As the Holy Spirit moved
Solomon to write Ecclesiastes, most likely later in his life, he had much to
consider. Solomon was blessed with riches
beyond the dreams of most people in history, as well as with wisdom and secular
power as the King of Israel at the height of the nation’s prominence. What God
had built through his father David’s faith and labors, Solomon had
inherited. David, for all his great
military and political conquests, all his Psalms and musical compositions, and
all the wealth and political power he had amassed, was laid in a grave at the
end of his life; naked had King David come into the world, and naked did he
leave. Solomon could see the same
pattern all around him, and knew he would live out that pattern himself. For all his wealth and wisdom and power,
Solomon would take none of the fruits of his labors with him when died, and if
death was the common fate of all men, then the question became, “How then shall
we live?”
Solomon concluded that
wisdom was better than foolishness, though both the wise and the fool still die. Not only did the wise have a better conduct
of life in this world than the fool, securing through Divine and Natural Law
better individual and communal living conditions through virtue and hard work,
but to embrace God’s wisdom was to embrace God through His Word. Thus the wise were the friends of God, walking
by faith in His Word, enlightened by His wisdom, and saved by His grace. The wise would walk and work and rejoice in
this world according to the promises of God, knowing that God had sent them
into the world naked, and naked to God would they return, with only the record
of their faith and works to follow them into His presence. The fool, on the contrary, would live in
constant misery no matter how much wealth they acquired, because their trust
was not in God but in their own works.
Such a life could not be enjoyed because it could never rest nor be
content, and ultimately would become a frenetic flurry of disordered passions
leading to the despair of death, where all their labors would unavoidably end. Down deep in the heart of even the most
hardened atheist, the fool knows he did not place himself into this world, and he
cannot escape an eventual encounter with the One who did. Death comes for the wise and the fool alike,
but the life of each is dramatically different, marked by either friendship or
war with God.
This is why Jesus would
say that it is harder for a rich person who loves and trusts in riches to enter
the Kingdom of God, than it is for a camel to pass through the eye of a
needle. Not only would the rich fool
place his trust in something that could not save him, but his misplaced trust
made him an enemy of the only One who could save him. The wise, on the contrary, no matter how much
they had in terms of material blessings, be they a laborer in the fields or the
king of an empire, would rejoice in the portion they were given as friends of
Almighty God. Some may be artisans,
others business people, others military or police, or any shade of trade under
heaven, but friendship with God through trust in the wisdom of His Word would
give them both joy and contentment in the fruits of their labors, and thankful
hearts to the One who gave them their lives, labors, and fruits. While the fool would never be satisfied with
what he accumulated, living in the bottomless greed and lust of his idolatry to
material things, and in gnawing fear of knowing he must eventually lose that
which he loves, the wise know that in God they are already the inheritors of
all good things, and have no fear of losing the God whom they love.
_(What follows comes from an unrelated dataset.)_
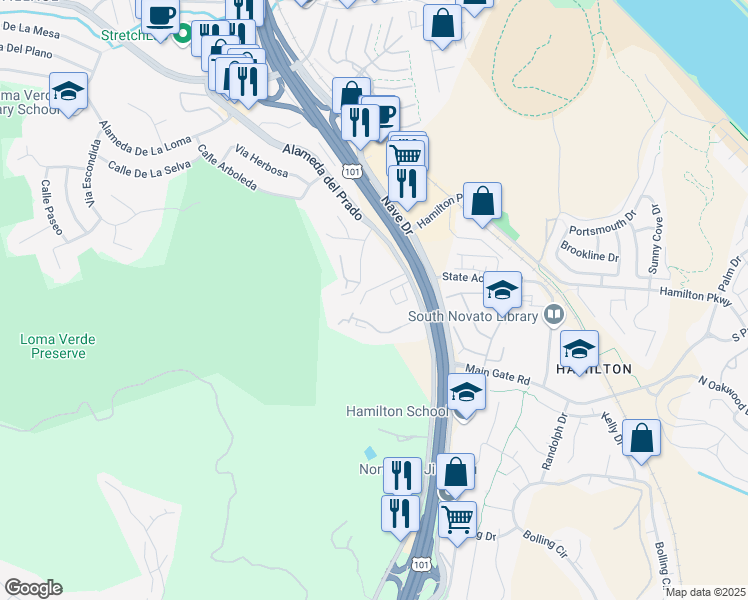 map of restaurants, bars, coffee shops, grocery stores, and more near 195 Los Robles Road in Novato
And why such contentment and
joy, even in the face of death? Because what
Solomon looked forward in faith to, we look back in faith upon: the Incarnation of God’s Word and Wisdom in
Jesus Christ. The Wisdom and Word of
God, who took flesh and dwelt among us, also took upon himself the death we
could not escape, so that death might not be our final victor. Only Jesus could become one of us, without
the sin and weakness inherent in mankind due to our fall; only Jesus could lead
His people of all times and places into the wisdom which makes men once again
friends of Almighty God; only Jesus could by His own omnipotent power pass
through death and return through resurrection never to die again, that His eternal
life might be given to all who would follow and trust in Him; only Jesus could
be both the source and summit of all divine wisdom, that those who abide in Him
by grace through faith, might know joy and contentment in the shadow of hard
labors and temporal death. Jesus, and
Him alone, was to be the Light which enlightened every heart to see the path to
life, and to turn from the foolish paths of destruction.
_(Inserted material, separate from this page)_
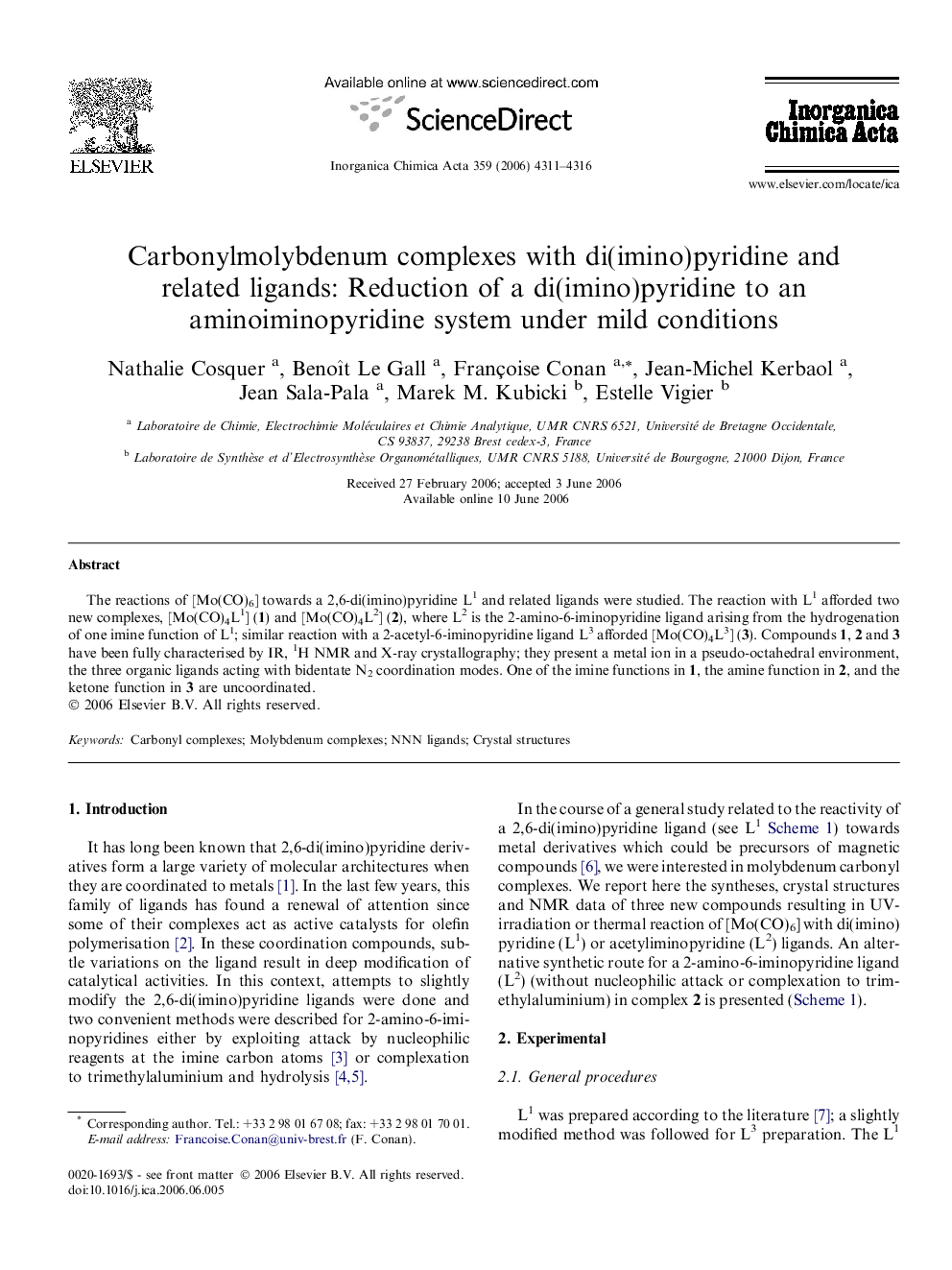 Carbonylmolybdenum complexes with di(imino)pyridine and related ligands: Reduction of a di(imino)pyridine to an aminoiminopyridine system under mild conditions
Despite the world’s constant
call to discontent, Jesus speaks a different Word of life and joy to all who
will hear him. Turn off the media and marketing
and politics that tell you to search forever for the things that cannot satisfy
you, and to accumulate things which you cannot take with you when you leave
this world. Forget the fevered pursuit
of titles, wealth, and prestige, of trophies that will clutter your shelves one
day, and another day be cast by others into the trash. Look away from the sirens of the age who call
to you in dulcet tones toward the rocks which will destroy you, knowing that
idolatry of anything in this world leads only to misery and death. Look instead to the One who loves you enough
to die for you, who has loved you from before the foundation of the world, and
will love you longer than the stars of heaven shall shine. Hear the Word and Wisdom of God come to you,
making satisfaction for all your failings, and ushering you into a new life
which transcends the highest joys and lowest pains of our time in this
world. Know the One who has always known
you, that your joy and contentment may be complete in all He has given to you,
now and unto ages of ages. Amen.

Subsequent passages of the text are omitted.